SUPPLIED MATERIAL:
┄┄┄┄┄┄┄┄┄┄

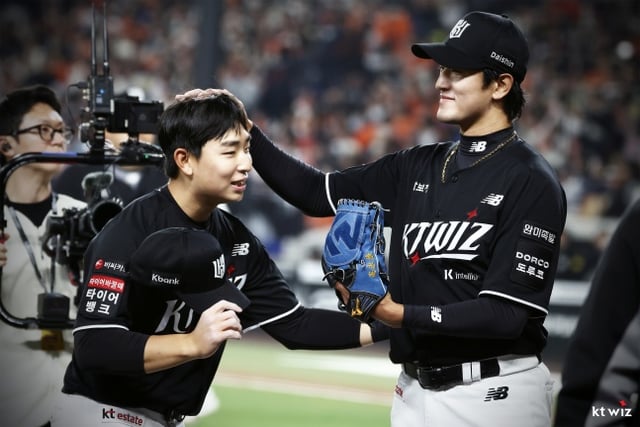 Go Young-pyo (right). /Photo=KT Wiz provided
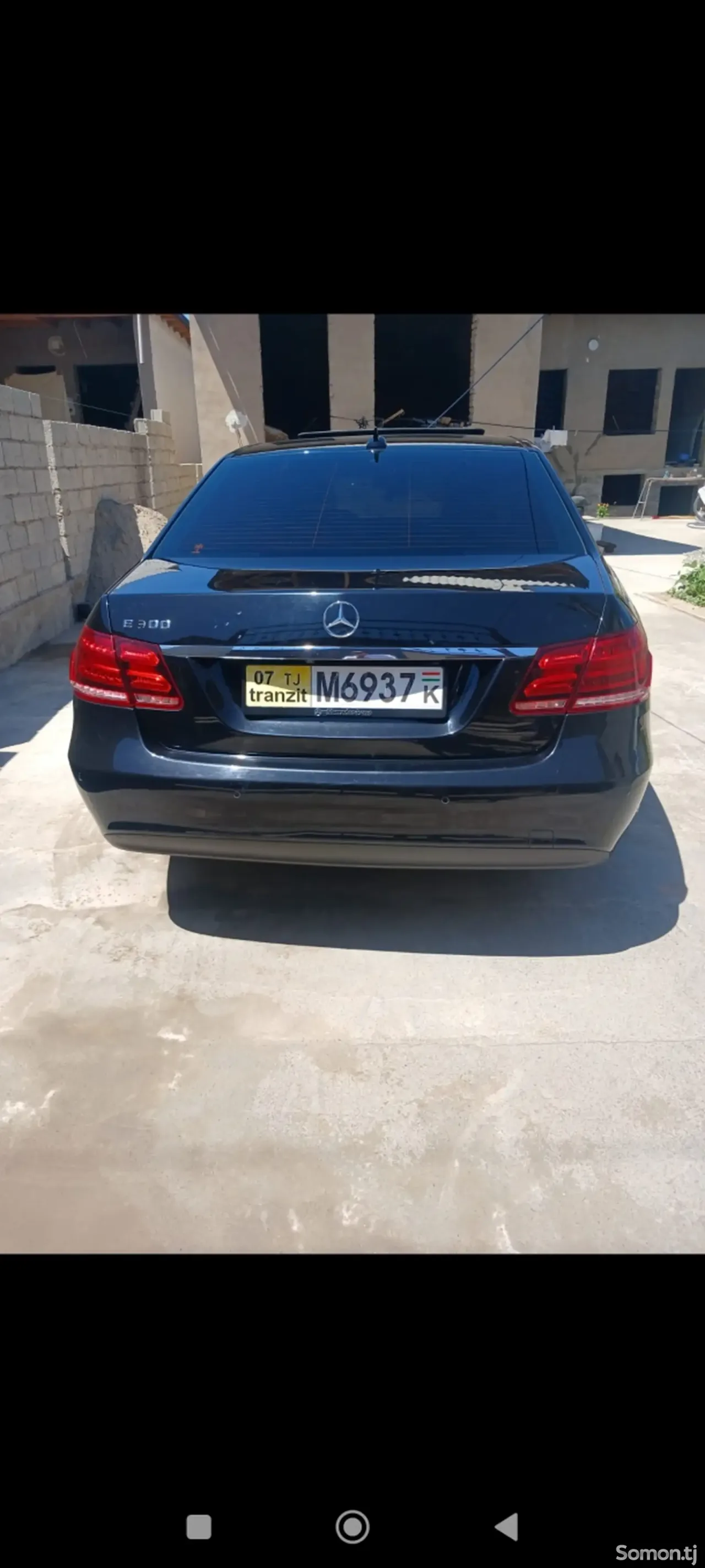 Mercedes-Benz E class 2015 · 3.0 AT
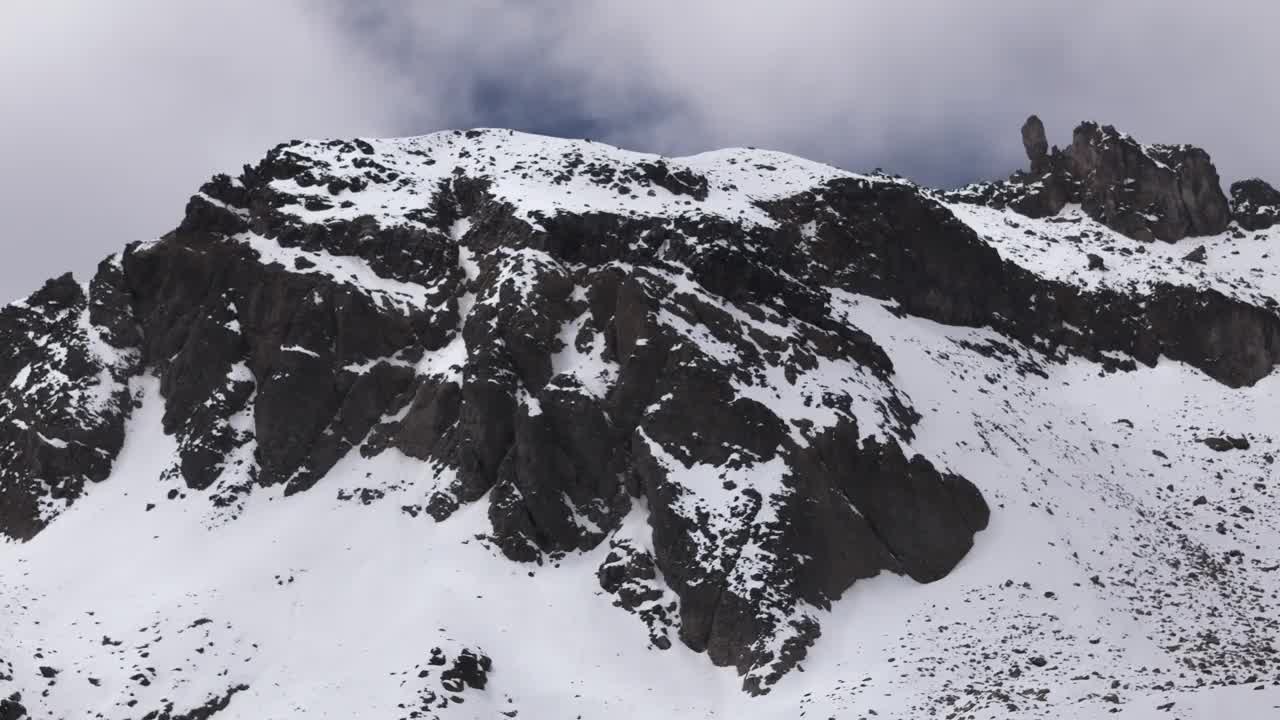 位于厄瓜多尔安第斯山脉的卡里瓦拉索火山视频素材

┄┄┄┄┄┄┄┄┄┄

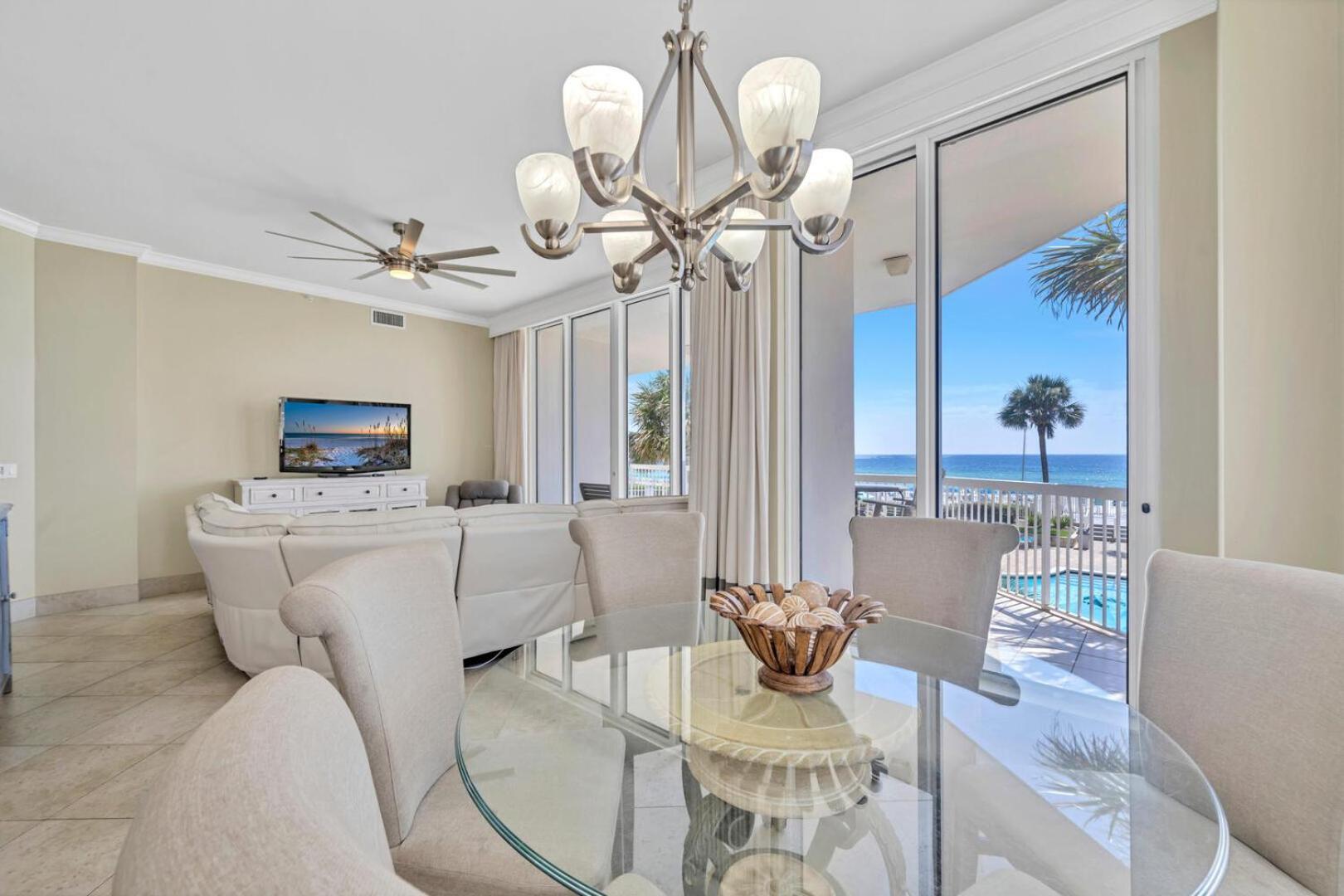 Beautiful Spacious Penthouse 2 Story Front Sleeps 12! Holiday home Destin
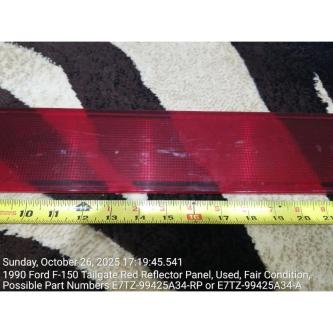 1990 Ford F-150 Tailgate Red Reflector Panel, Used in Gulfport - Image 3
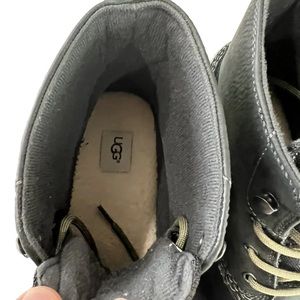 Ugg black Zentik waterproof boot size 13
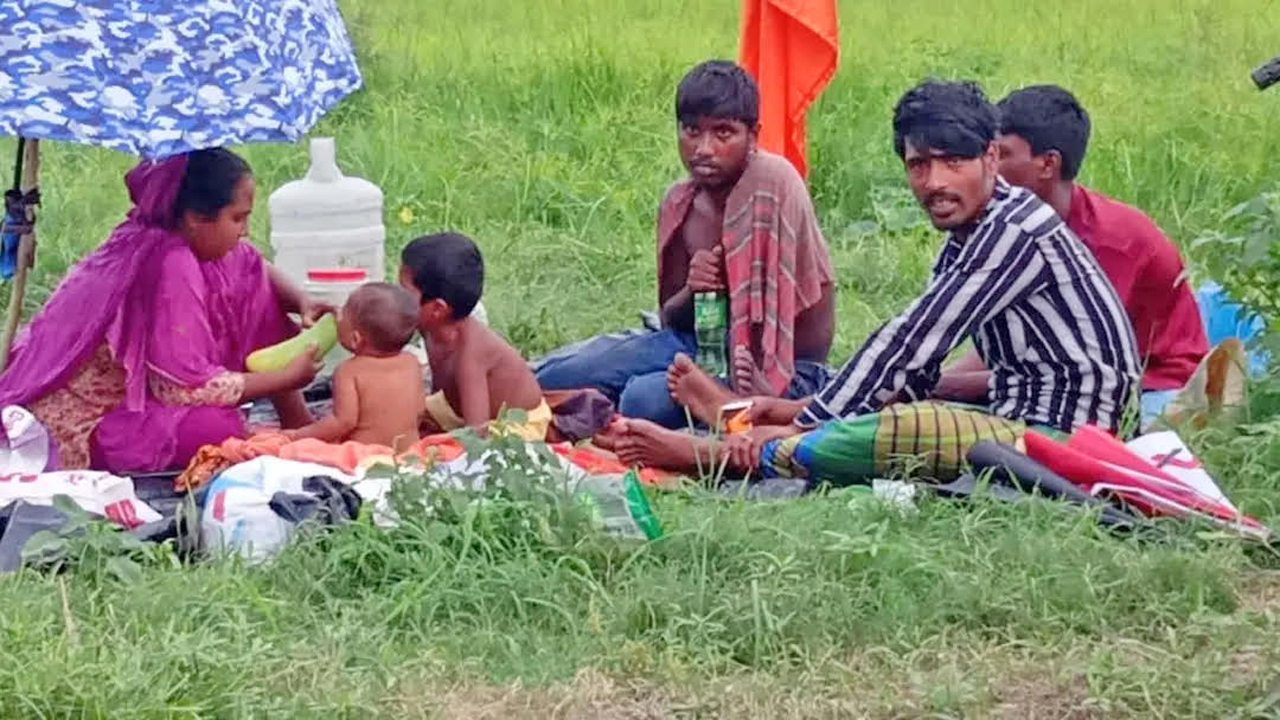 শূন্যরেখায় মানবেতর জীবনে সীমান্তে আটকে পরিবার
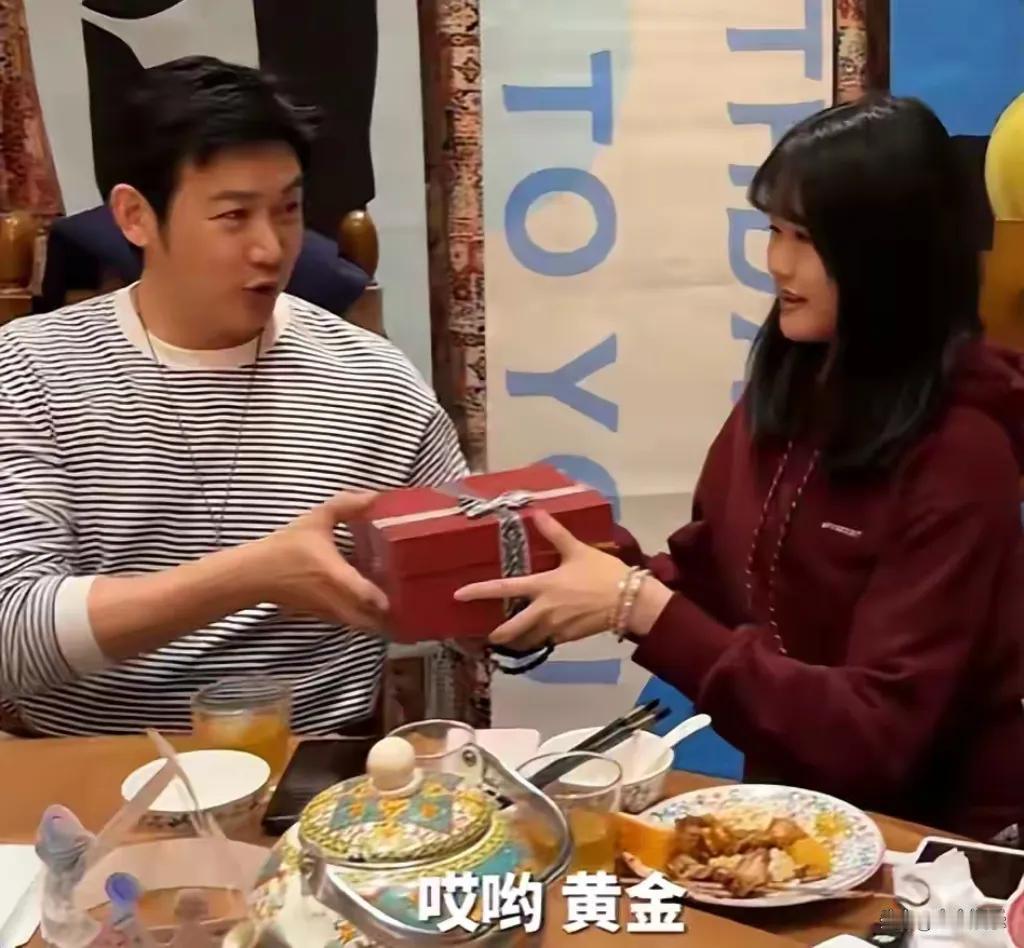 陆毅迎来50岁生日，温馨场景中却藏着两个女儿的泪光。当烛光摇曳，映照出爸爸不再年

┄┄┄┄┄┄┄┄┄┄

WHAT IS BEING ASKED: Drop the pictures; return the lines above from the line containing "Go Young-pyo (right). /Photo=KT Wiz provided" to the line containing "位于厄瓜多尔安第斯山脉的卡里瓦拉索火山视频素材", both included, exactly.

EXERCISE SOLUTION:
 Go Young-pyo (right). /Photo=KT Wiz provided
 Mercedes-Benz E class 2015 · 3.0 AT
 位于厄瓜多尔安第斯山脉的卡里瓦拉索火山视频素材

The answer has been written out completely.